■ REQUIRED ACTION
Range to repeat from the listing below: the line containing "Creature Feature Groundhog" down to the line containing "largest coral reefs in the world", both included. Copy it exactly, pictures excluded, and add nothing else.

■ ENTRIES SHOWN
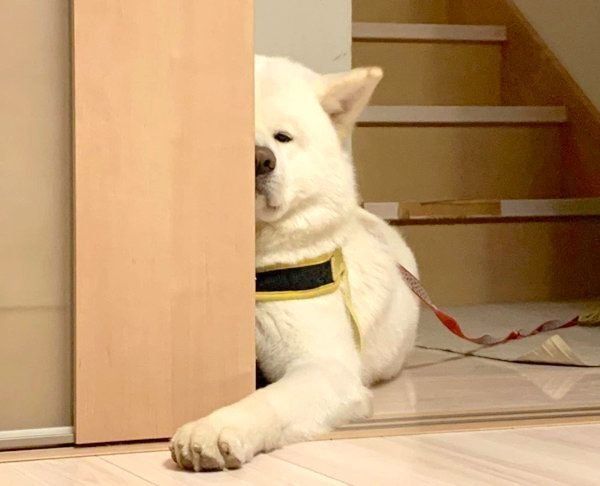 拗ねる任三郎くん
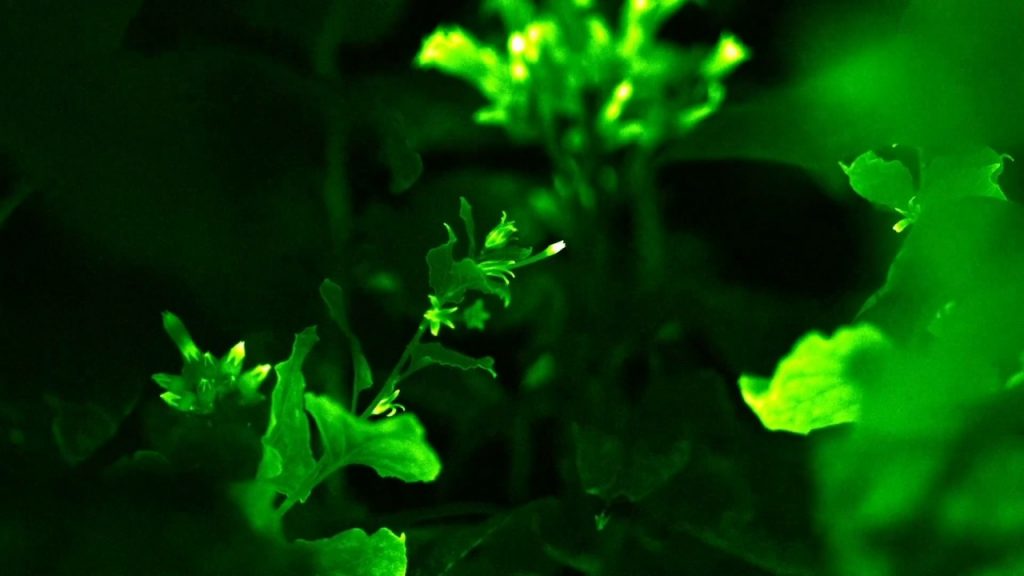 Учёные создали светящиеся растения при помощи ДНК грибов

...

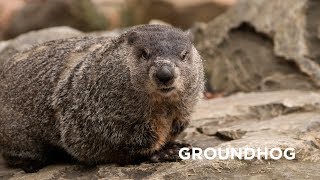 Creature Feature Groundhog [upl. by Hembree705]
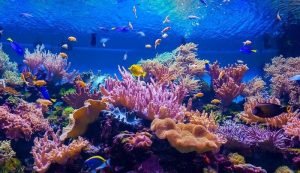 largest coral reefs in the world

--

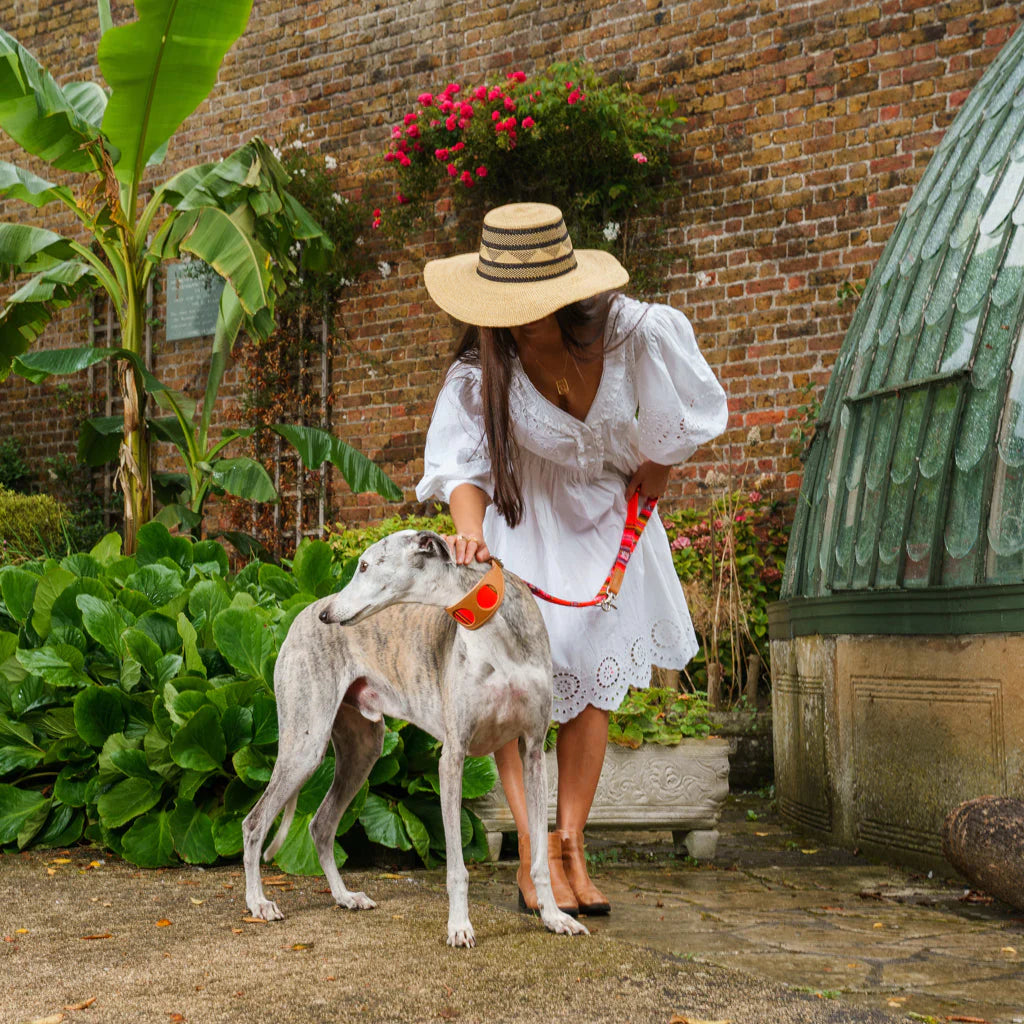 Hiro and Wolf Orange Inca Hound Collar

■ OUTPUT
 Creature Feature Groundhog [upl. by Hembree705]
 largest coral reefs in the world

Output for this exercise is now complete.